### PROBLEM STATEMENT
Repeat the listing exactly. Do not carry over any pictures.

· · · ·

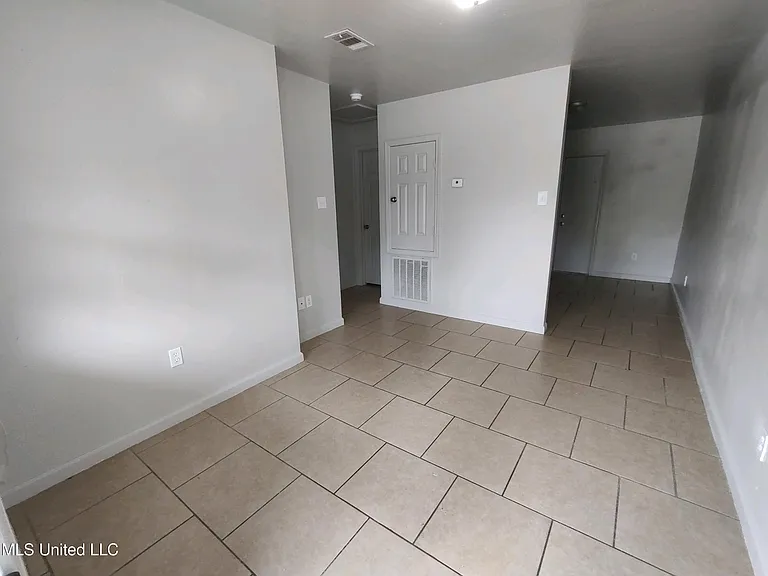 3907 Branch St #1-8 — Photo 11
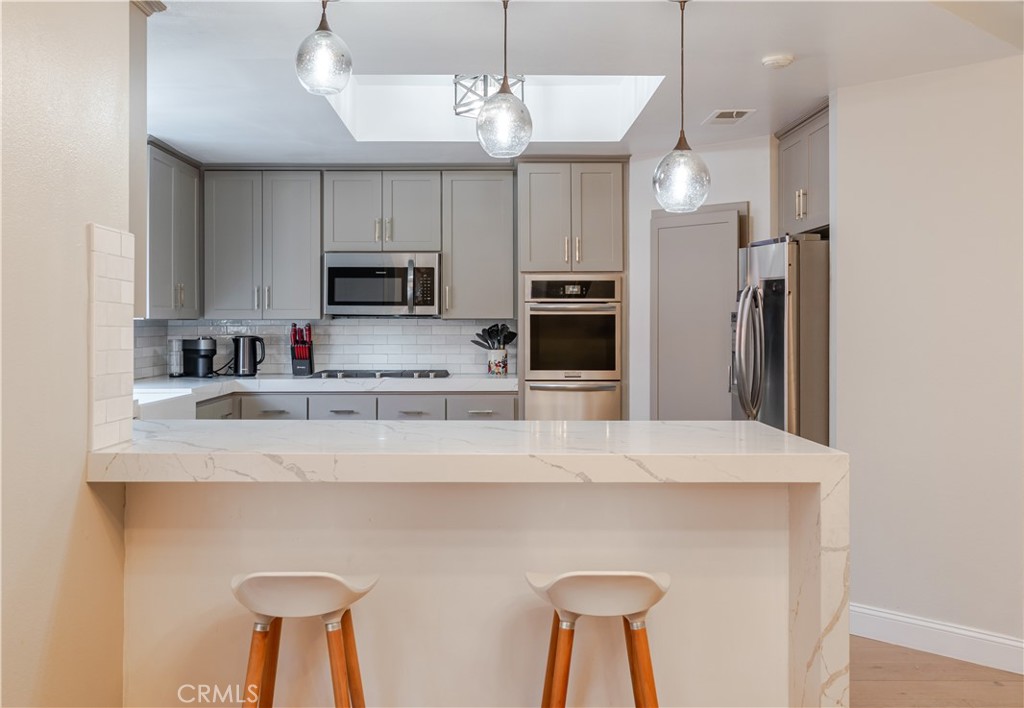 210 S Prospect Avenue 2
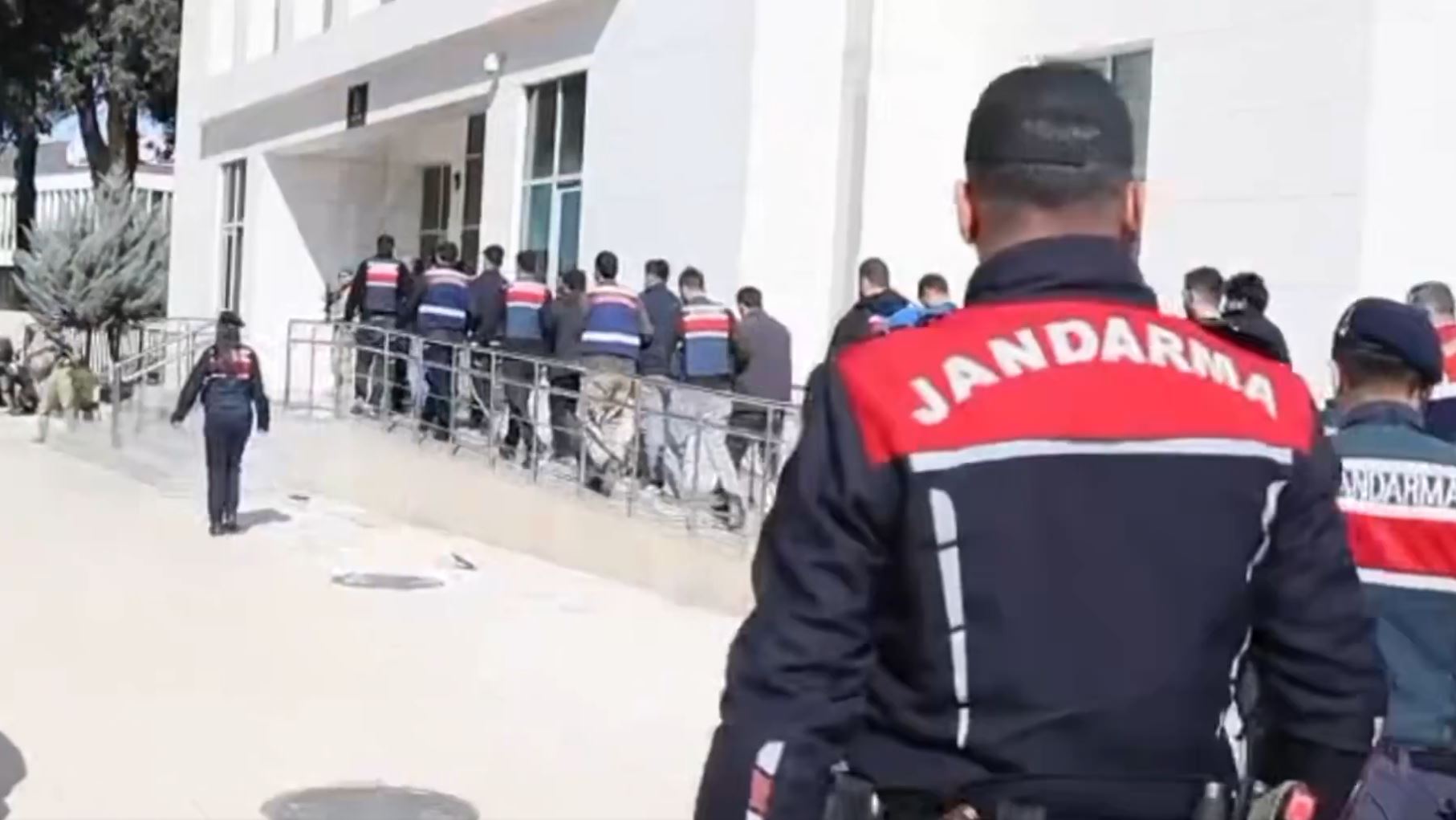 Adana Merkezli Yasa Dışı Bahis Operasyonunda 24 Kişi Tutuklandı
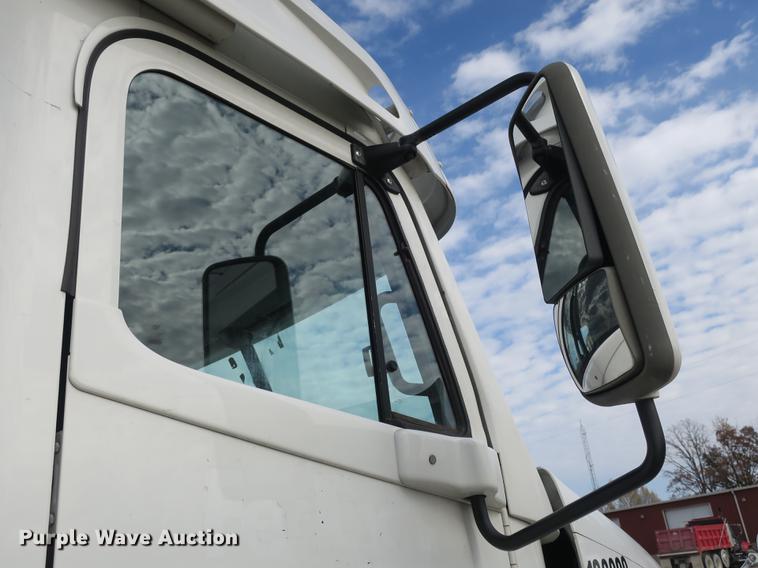 image for item EA9253 2000 Freightliner Century Class truck cab and chassis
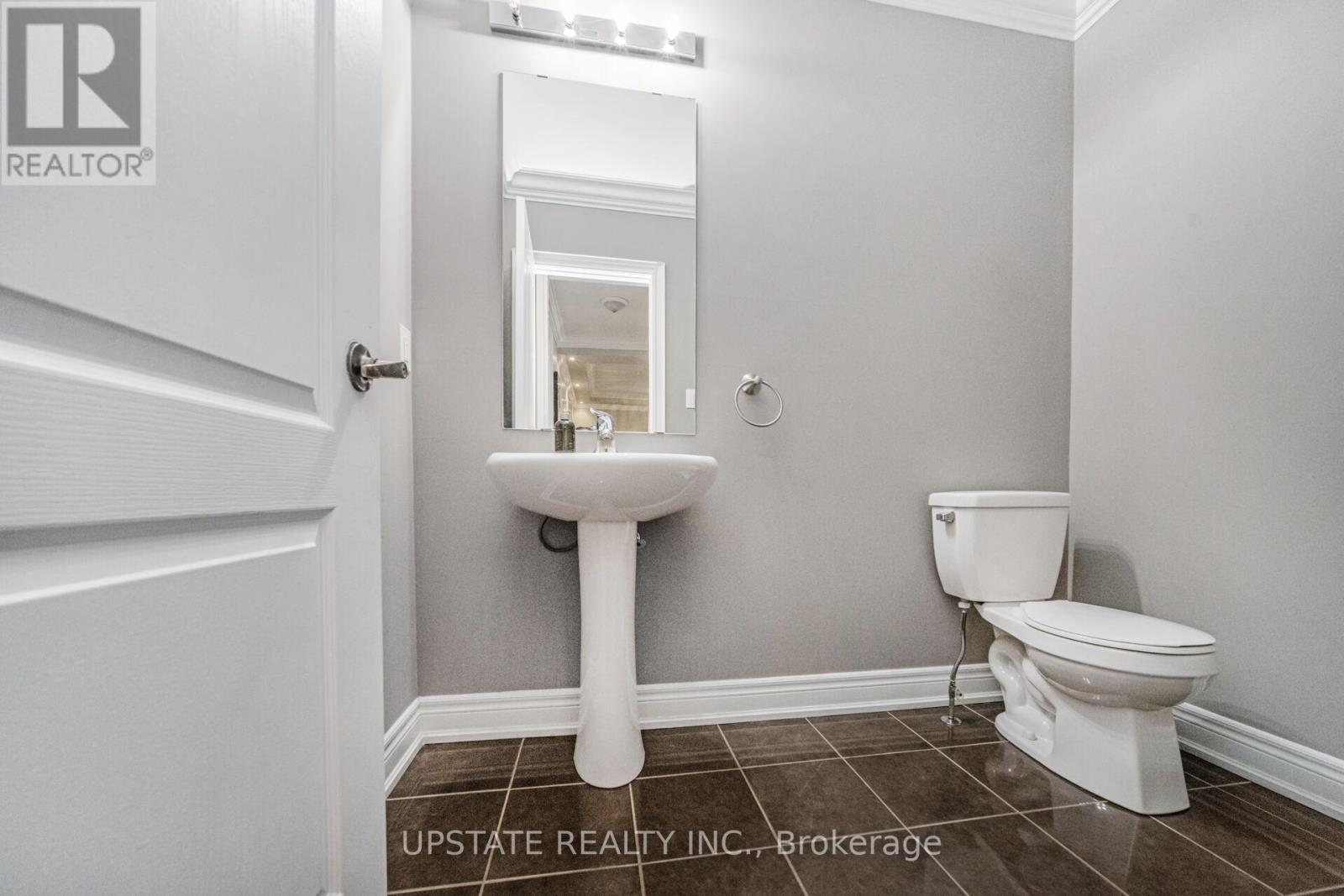 12 Haywood Drive, Brampton, Ontario  L6X 0W1 - Photo 16 - W12839698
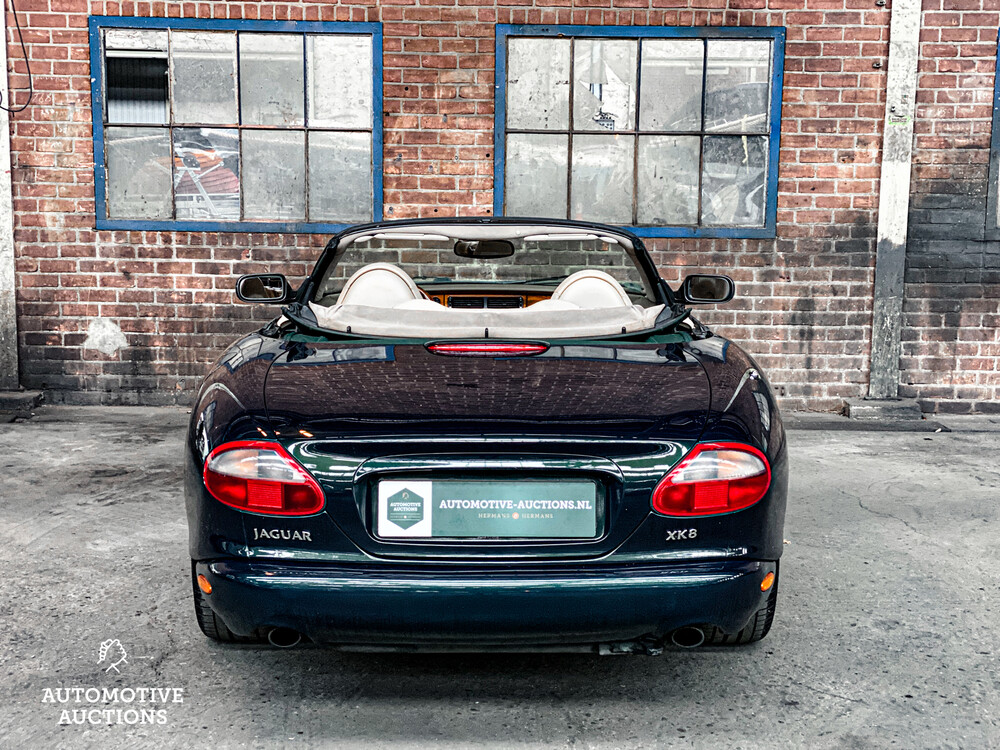 Jaguar XK8 4.0 V8 Cabriolet 286 PS 2000, 07-XJ-GG.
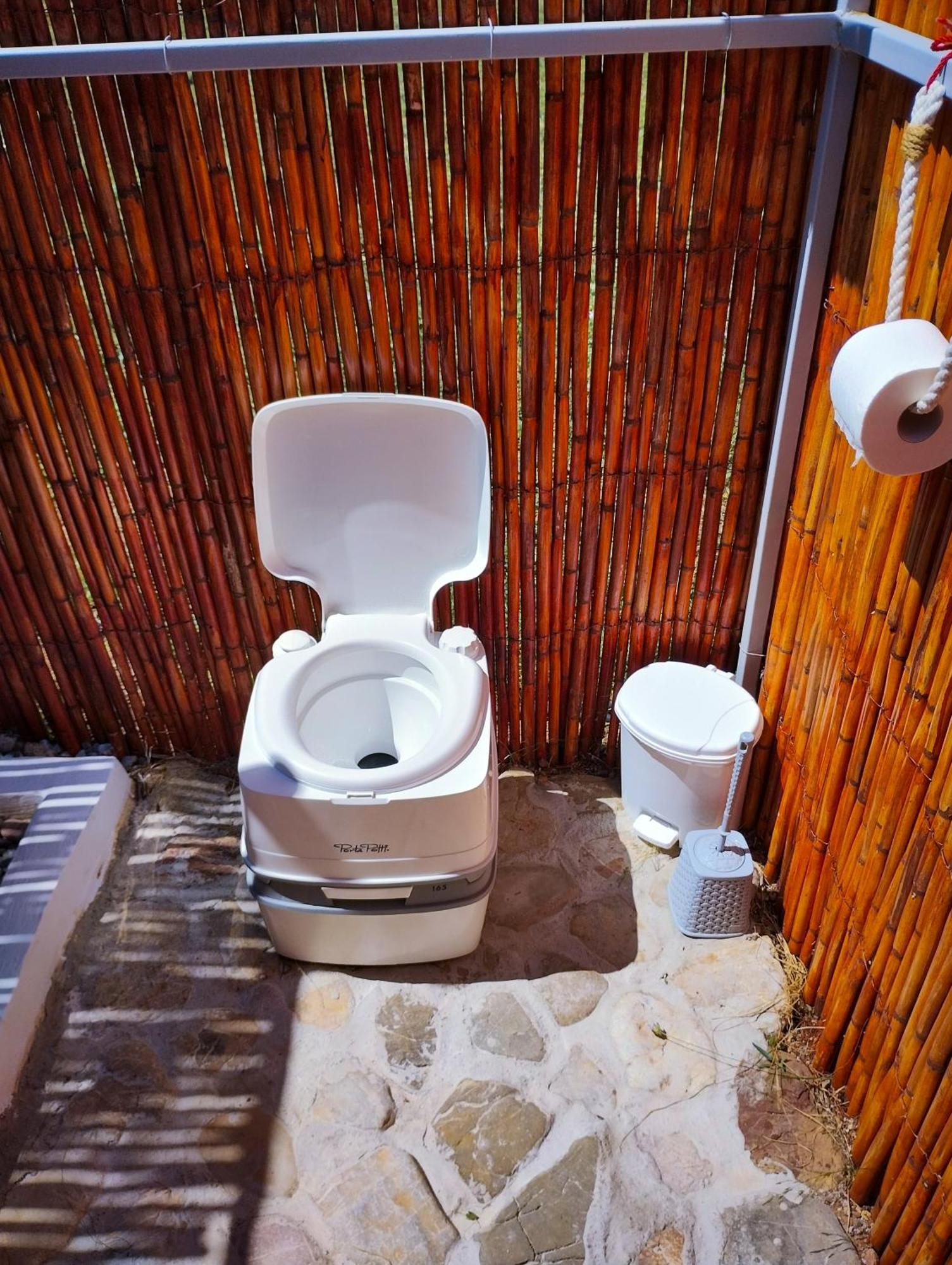 Cornelia Hippie Magic Bus Villa Kíssamos Екстериор снимка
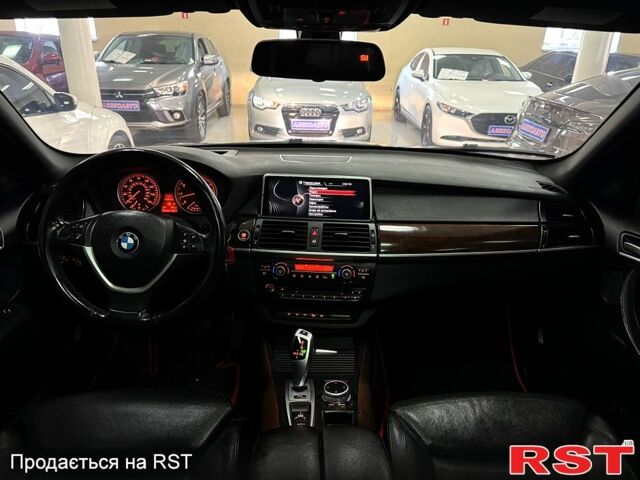 Черный БМВ Х5, объемом двигателя 4.8 л и пробегом 210 тыс. км за 11000 $, фото 10 на Automoto.ua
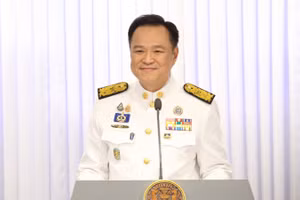 Thủ tướng Thái Lan Anutin Charnvirakul phát biểu tại thủ đô Bangkok. (Ảnh: THX/TTXVN)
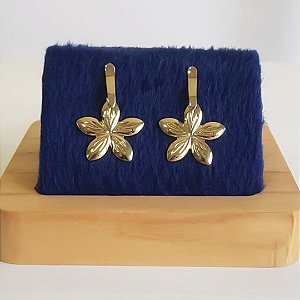 BRINCO FLOR BANHADO OURO 18K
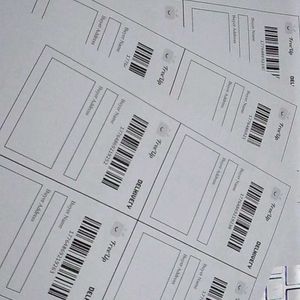 100 Piece B/W Non Sticky Shipping Labels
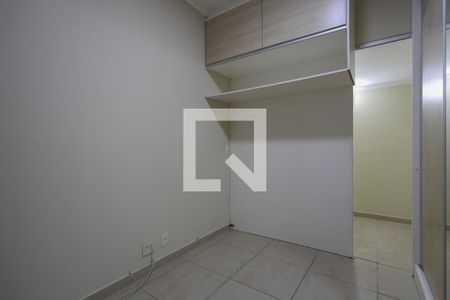 Quarto 1 de apartamento para alugar com 2 quartos, 55m² em Vila Dionisia, São Paulo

· · · ·

### RESULT OF THIS TASK
 3907 Branch St #1-8 — Photo 11
 210 S Prospect Avenue 2
 Adana Merkezli Yasa Dışı Bahis Operasyonunda 24 Kişi Tutuklandı
 image for item EA9253 2000 Freightliner Century Class truck cab and chassis
 12 Haywood Drive, Brampton, Ontario  L6X 0W1 - Photo 16 - W12839698
 Jaguar XK8 4.0 V8 Cabriolet 286 PS 2000, 07-XJ-GG.
 Cornelia Hippie Magic Bus Villa Kíssamos Екстериор снимка
 Черный БМВ Х5, объемом двигателя 4.8 л и пробегом 210 тыс. км за 11000 $, фото 10 на Automoto.ua
 Thủ tướng Thái Lan Anutin Charnvirakul phát biểu tại thủ đô Bangkok. (Ảnh: THX/TTXVN)
 BRINCO FLOR BANHADO OURO 18K
 100 Piece B/W Non Sticky Shipping Labels
 Quarto 1 de apartamento para alugar com 2 quartos, 55m² em Vila Dionisia, São Paulo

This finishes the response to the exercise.